Would like to hear comments about this idea.

@Smalyshev: Take a look at information we keep on pageview hourly, for long time keeping we need to remove PII and we neither store detail timestamps or sessionIds as we want to avoid session reconstruction precisely. So probably if we round timestamp and remove sessionId your proposal for dattaset #1 is safe to keep long term (cc @mforns for anything I might be missing)

The proposal for dataset #2 looks good

I think with the mentioned adjustments both datasets would be useful for public consumption.

Thinking about it, I don't think we ever would need more that hourly resolution for anything related to queries (we can get hit stats from the usual stats places I assume). I also thought about dataset #1 as more short-lived. But I am not that insistant on session ID thing, maybe dropping it is fine too and then we could make it public.

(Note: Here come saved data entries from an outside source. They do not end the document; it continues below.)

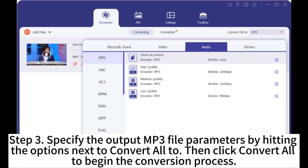Step 3: Specify the output MP3 file parameters by hitting the options next to 'Convert To', then click 'Convert To' to begin the conversion process.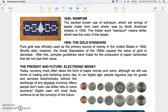1900: the gold standard. Pure gold was officially used as the primary source of money in the United States in 1900. Shortly after, the Great Depression of the 1930s caused the value of gold to decrease. Following this, complex guidelines were made for the production of paper banknotes that did not lose their value.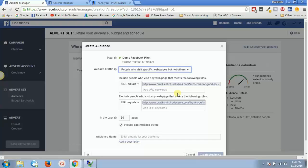So this is how you use custom audiences for retargeting. Hope you enjoyed this video — see you in the next one, take care, bye!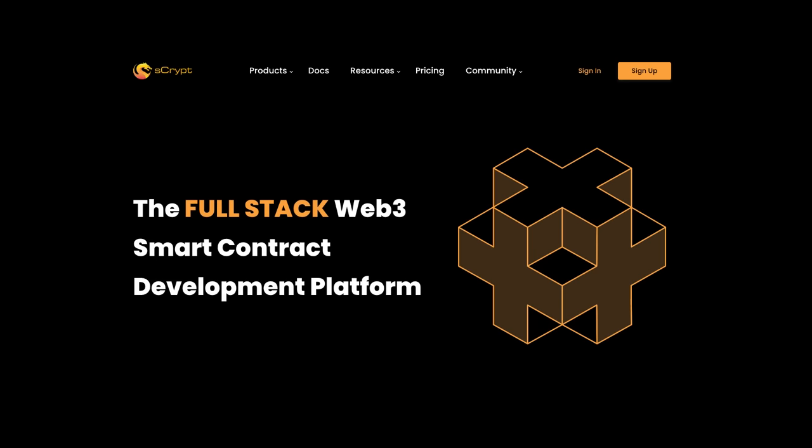Hi, this is Xiaohui Liu here, and I'm the founder and CEO of AdScribd. AdScribd is a company that provides smart contract solutions exclusively on Bitcoin SV.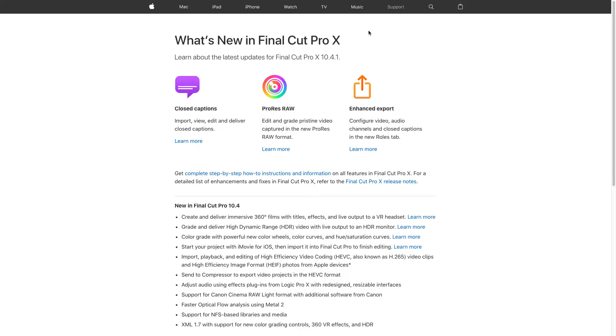Final Cut Pro 10.4.1 introduced closed captions to Final Cut Pro. The format is Apple iTunes timed text with ITT extension name.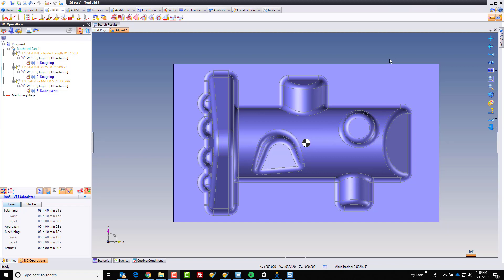Hi, and welcome to TopSolid7. In this video, we're going to take a look at a couple of different ways of controlling a raster style cut.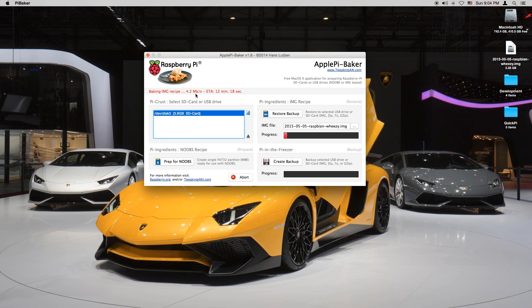I am using a class 4 SD card and it does take some time. So just give it a few minutes. Mine says around 11 minutes. So I let it run for 11 minutes.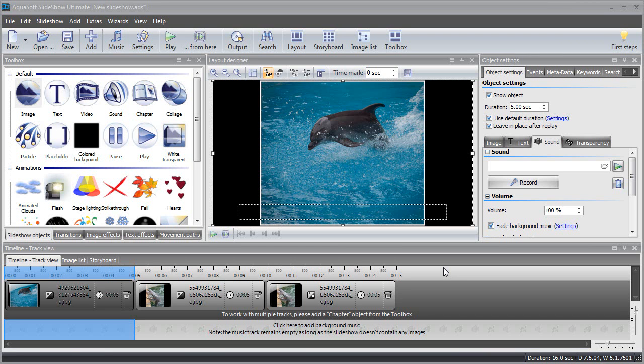After you have added a few photos, you can improve your slideshow project by adding a background soundtrack.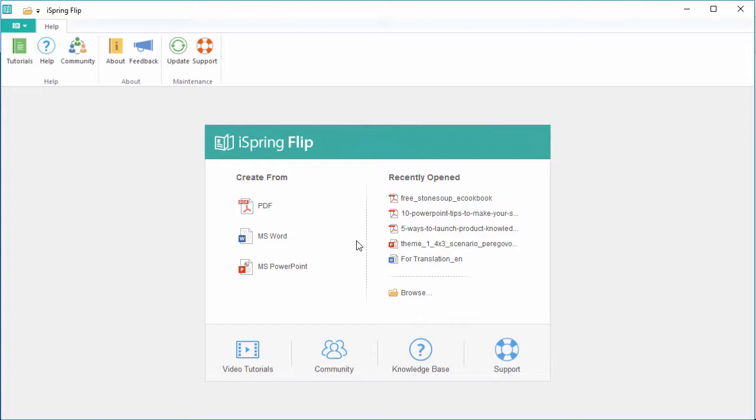For this example, I'm going to use a PDF cookbook, but remember you can also instantly convert Word documents and PowerPoint presentations.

@Smalyshev We like to default to public if possible, the more eyes on the data the more useful it can be.

@Nuria @Smalyshev

So probably if we round timestamp and remove sessionId your proposal for dattaset #1 is safe to keep long term (cc @mforns for anything I might be missing)

I think it depends highly on how drastically we sanitize the potentially identifying fields (user agent and client IP) and the fields that can indicate user acivity/features (query, location).
Intuitively it seems to me that we can keep this data in a private store indefinitely if sanitized. But having those sensitive 4 fields in the same data set will make it difficult to publicize, even if sanitized. I don't know how frequent are WDQS queries, but I imagine they are several orders of magnitude smaller than pageviews. Thus the buckets of this data set are likely to be sparse and small, which increases the threat to user privacy.

If we wanted to make this public, I'd go for removing the geographic location field entirely, and probably for daily or monthly resolution instead of hourly (depending on bucket size).
Also, splitting the data set in several unrelatable thematic data sets could help: queries by country, queries by user agent, session queries, etc.

Sorry if I'm too pessimistic, I'm not familiar with the kind of information that WDQS queries can give away about users.

I made a more formal full description of which data I'd like to be in the public dataset, so people don't have to read through all the comments here: https://www.wikidata.org/wiki/User:Smalyshev_(WMF)/Publishing_query_data

Please review and comment if you see anything missing or wrong.

I think notes look good.

@mforns main point that I missed is that we probably also want to remove geolocation from dataset #1, I see that from your sumup you did.

Remaining item is sanitization of sparql queries and on that I think we have to trust your expertise. As in any system any non parseable queries should be removed cause -as we have seen before- bad queries might contain someone's credit card number (for real). From your notes you are also removing non parseable queries so, good again. I think also grouping user agent should be of use and not a privacy concern (as long as you only include broad categories. For example, we do not want to include: "user agent of the lunux distro only 3 people in the world have access to", this case is covered by you removing long tail of browsers with less than 10.000 requests.

Let's go ahead and start working on this, oozie/spark will be the way to go, since you already have tags on webrequest data you can probably run the job that will create this data once a day as you are only quering a subset of webrequest table ? (cc @JAllemandou to confirm). Here are some spark examples that might be of use to know how to generally approach the problem: https://github.com/wikimedia/analytics-refinery-source/blob/master/refinery-job/src/main/scala/org/wikimedia/analytics/refinery/job/ClickstreamBuilder.scala

@Nuria , @Smalyshev : Given all wikidata-query tagged rows belong in misc, which is super small, I have no objection running jobs either hourly or daily.

@Esc3300 Which users? WDQS does not track users, only queries. The log does contain query IP but the data processing will remove it, as well as any other PII. Additionally, we don't really know who runs any of the queries (beyond the basic information like IP) so I am not sure how personal opt-out is possible.